Dinanzi a queste affermazioni, il capo della delegazione dell’Assemblea parlamentare del Consiglio d’Europa ha invitato apertamente Erdogan a ridurre la polarizzazione, all’indomani di elezioni già molto divisive, e causa di mille fratture. “Deve unire ciò che è stato nuovamente diviso negli ultimi cinque mesi”, ha detto Gross. Il rapporto preliminare degli osservatori europei dice che mentre le elezioni sono state condotte in modo professionale e hanno offerto diverse opzioni politiche per l’elettorato, con quindici liste in gara, la violenza contro l’opposizione e i loro partiti ne ha minato la capacità di portare avanti una campagna elettorale libera da condizionamenti. Gross cita a sostegno gli arresti degli oppositori pro curdi dell’HDP eseguiti nei giorni immediatamente precedenti al voto. Inoltre, sempre Gross ha voluto rendere noto che in Turchia c’è un problema enorme relativo alla libertà di stampa, e cita le querele penali contro i giornalisti e la chiusura di diversi media, per limitare la capacità delle opposizioni di presentare le proprie opinioni al pubblico.
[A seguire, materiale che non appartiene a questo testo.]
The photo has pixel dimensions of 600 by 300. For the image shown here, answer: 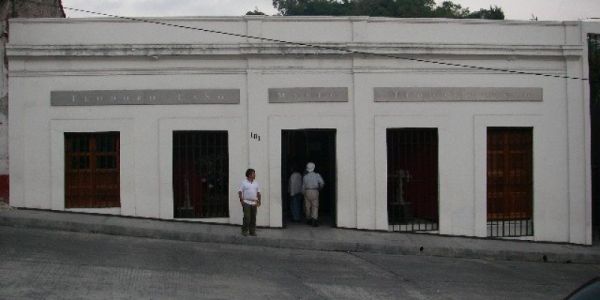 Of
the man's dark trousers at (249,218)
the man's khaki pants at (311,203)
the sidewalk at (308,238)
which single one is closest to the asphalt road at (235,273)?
the sidewalk at (308,238)

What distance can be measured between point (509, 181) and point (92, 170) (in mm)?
9626

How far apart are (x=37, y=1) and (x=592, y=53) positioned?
47.3 feet

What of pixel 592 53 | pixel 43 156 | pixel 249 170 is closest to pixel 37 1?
pixel 43 156

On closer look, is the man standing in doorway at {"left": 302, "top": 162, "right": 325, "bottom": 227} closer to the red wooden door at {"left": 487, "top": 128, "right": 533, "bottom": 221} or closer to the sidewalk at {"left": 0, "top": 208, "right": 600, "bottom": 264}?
the sidewalk at {"left": 0, "top": 208, "right": 600, "bottom": 264}

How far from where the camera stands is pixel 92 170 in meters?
16.3

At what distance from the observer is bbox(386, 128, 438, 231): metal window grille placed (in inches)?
662

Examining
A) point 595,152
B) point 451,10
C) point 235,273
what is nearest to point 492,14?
point 451,10

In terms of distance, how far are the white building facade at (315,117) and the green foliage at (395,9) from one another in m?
36.6

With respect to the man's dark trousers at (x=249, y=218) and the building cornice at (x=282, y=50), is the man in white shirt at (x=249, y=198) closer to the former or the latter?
the man's dark trousers at (x=249, y=218)

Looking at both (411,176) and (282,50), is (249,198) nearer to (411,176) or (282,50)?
(282,50)

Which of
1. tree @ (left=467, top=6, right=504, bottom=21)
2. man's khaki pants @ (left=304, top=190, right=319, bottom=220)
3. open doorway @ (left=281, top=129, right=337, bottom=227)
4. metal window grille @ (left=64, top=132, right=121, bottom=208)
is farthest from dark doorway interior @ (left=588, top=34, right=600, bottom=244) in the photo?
tree @ (left=467, top=6, right=504, bottom=21)

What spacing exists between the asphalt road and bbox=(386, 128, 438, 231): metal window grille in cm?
233

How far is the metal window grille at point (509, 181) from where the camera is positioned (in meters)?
17.0

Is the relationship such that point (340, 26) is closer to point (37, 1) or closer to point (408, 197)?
point (408, 197) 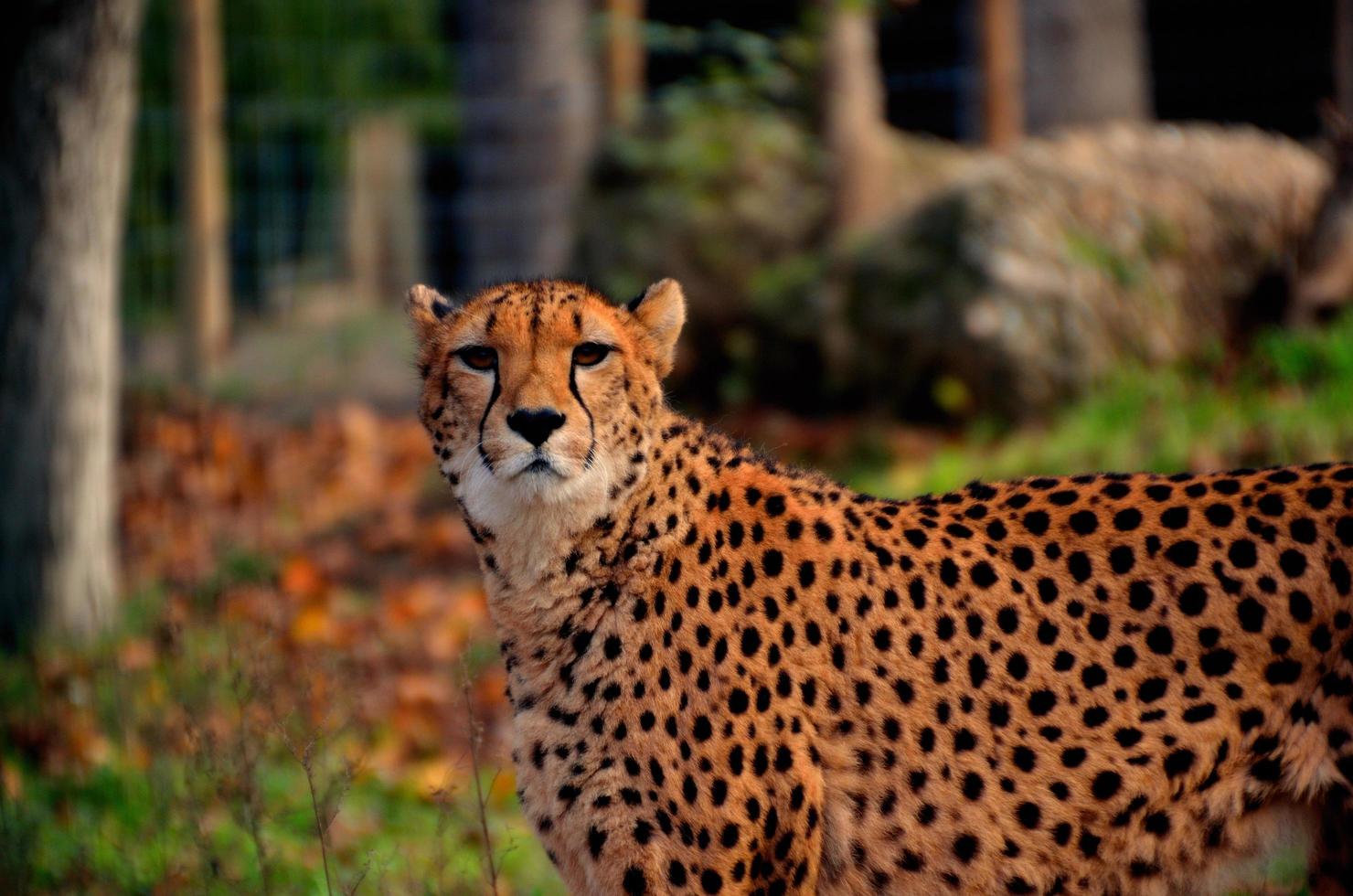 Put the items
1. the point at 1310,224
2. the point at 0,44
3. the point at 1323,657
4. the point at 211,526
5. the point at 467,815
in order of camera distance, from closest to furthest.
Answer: the point at 1323,657
the point at 467,815
the point at 0,44
the point at 1310,224
the point at 211,526

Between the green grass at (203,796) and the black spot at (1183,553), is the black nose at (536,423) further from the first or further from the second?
the black spot at (1183,553)

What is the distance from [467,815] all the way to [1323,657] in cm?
293

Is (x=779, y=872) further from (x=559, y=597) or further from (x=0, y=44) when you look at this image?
(x=0, y=44)

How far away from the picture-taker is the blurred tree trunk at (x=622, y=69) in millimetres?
10359

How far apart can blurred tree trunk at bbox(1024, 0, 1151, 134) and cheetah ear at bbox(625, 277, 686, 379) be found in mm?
7706

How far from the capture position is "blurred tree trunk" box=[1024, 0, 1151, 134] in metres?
10.6

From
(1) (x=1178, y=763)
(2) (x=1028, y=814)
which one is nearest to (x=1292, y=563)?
(1) (x=1178, y=763)

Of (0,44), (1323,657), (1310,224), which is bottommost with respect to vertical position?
(1323,657)

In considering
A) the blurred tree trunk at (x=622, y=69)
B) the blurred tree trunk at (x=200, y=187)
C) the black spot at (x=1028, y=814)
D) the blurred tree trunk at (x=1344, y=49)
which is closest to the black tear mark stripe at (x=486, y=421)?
the black spot at (x=1028, y=814)

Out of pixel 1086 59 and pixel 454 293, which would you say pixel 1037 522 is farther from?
pixel 1086 59

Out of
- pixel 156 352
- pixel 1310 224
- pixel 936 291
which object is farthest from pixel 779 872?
pixel 156 352

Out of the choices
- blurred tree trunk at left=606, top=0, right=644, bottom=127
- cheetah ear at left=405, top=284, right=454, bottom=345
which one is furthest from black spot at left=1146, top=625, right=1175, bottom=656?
blurred tree trunk at left=606, top=0, right=644, bottom=127

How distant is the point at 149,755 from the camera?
210 inches

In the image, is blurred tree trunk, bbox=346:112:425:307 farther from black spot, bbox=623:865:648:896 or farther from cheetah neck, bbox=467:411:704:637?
black spot, bbox=623:865:648:896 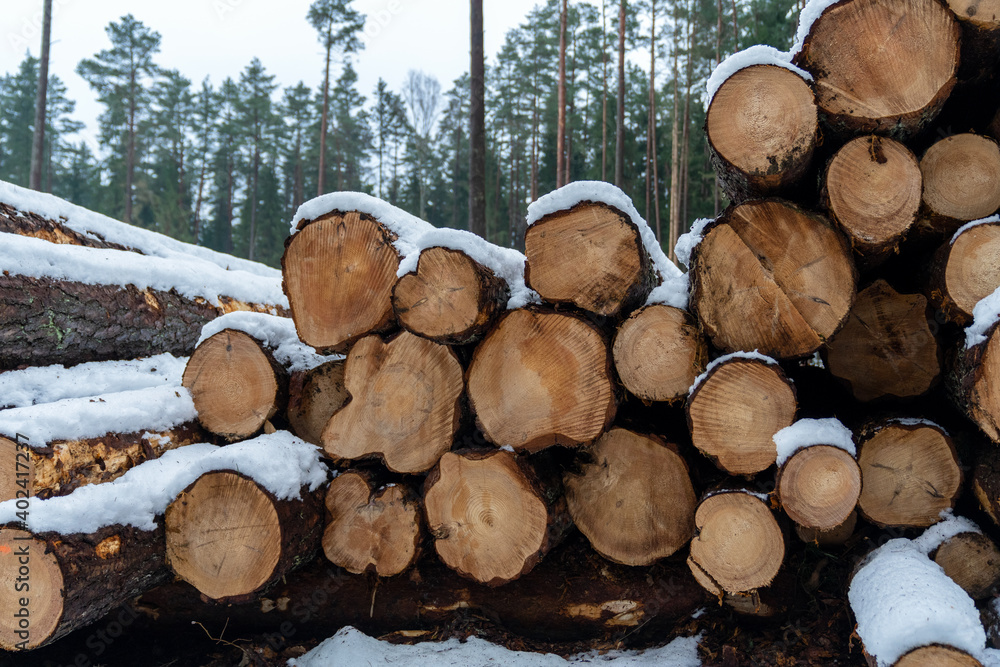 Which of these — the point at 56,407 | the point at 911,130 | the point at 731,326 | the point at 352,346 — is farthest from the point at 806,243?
the point at 56,407

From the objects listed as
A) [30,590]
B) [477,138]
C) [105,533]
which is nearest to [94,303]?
[105,533]

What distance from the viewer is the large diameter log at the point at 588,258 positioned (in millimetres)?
1986

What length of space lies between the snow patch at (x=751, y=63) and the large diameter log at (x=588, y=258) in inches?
20.9

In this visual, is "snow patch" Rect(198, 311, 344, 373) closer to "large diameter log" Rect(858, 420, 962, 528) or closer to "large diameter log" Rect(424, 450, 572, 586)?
"large diameter log" Rect(424, 450, 572, 586)

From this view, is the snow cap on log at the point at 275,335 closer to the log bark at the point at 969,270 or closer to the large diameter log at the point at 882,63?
the large diameter log at the point at 882,63

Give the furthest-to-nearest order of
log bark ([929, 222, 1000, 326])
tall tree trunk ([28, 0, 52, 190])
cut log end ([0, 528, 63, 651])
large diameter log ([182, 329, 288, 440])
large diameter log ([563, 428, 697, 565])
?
tall tree trunk ([28, 0, 52, 190]) < large diameter log ([182, 329, 288, 440]) < large diameter log ([563, 428, 697, 565]) < log bark ([929, 222, 1000, 326]) < cut log end ([0, 528, 63, 651])

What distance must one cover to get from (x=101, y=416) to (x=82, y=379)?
2.41 ft

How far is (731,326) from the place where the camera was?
1.95 metres

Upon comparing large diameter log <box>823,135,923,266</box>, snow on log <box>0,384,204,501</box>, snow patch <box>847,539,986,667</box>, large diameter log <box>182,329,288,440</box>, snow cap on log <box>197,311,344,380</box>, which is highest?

“Inchieste penali contro i giornalisti”, ha detto Gross in conferenza stampa, “e contro i media accusati di sostegno al terrorismo e di diffamazione del presidente, oscuramento di molti siti web, hanno ridotto di molto l’accesso degli elettori a una pluralità di informazioni e di opinioni”. È la conferma, da parte di una missione di osservatori europei indipendenti che domenica 1 novembre, che le elezioni legislative in Turchia sono state viziate da violenza, paura e soprattutto da una tale pressione sulla stampa che molti giornalisti turchi hanno definito come la peggiore nella storia repubblicana del Paese. Ed è la dimostrazione che l’Europa deve assumere iniziative concrete sul campo per affermare il diritto alla libera informazione ovunque.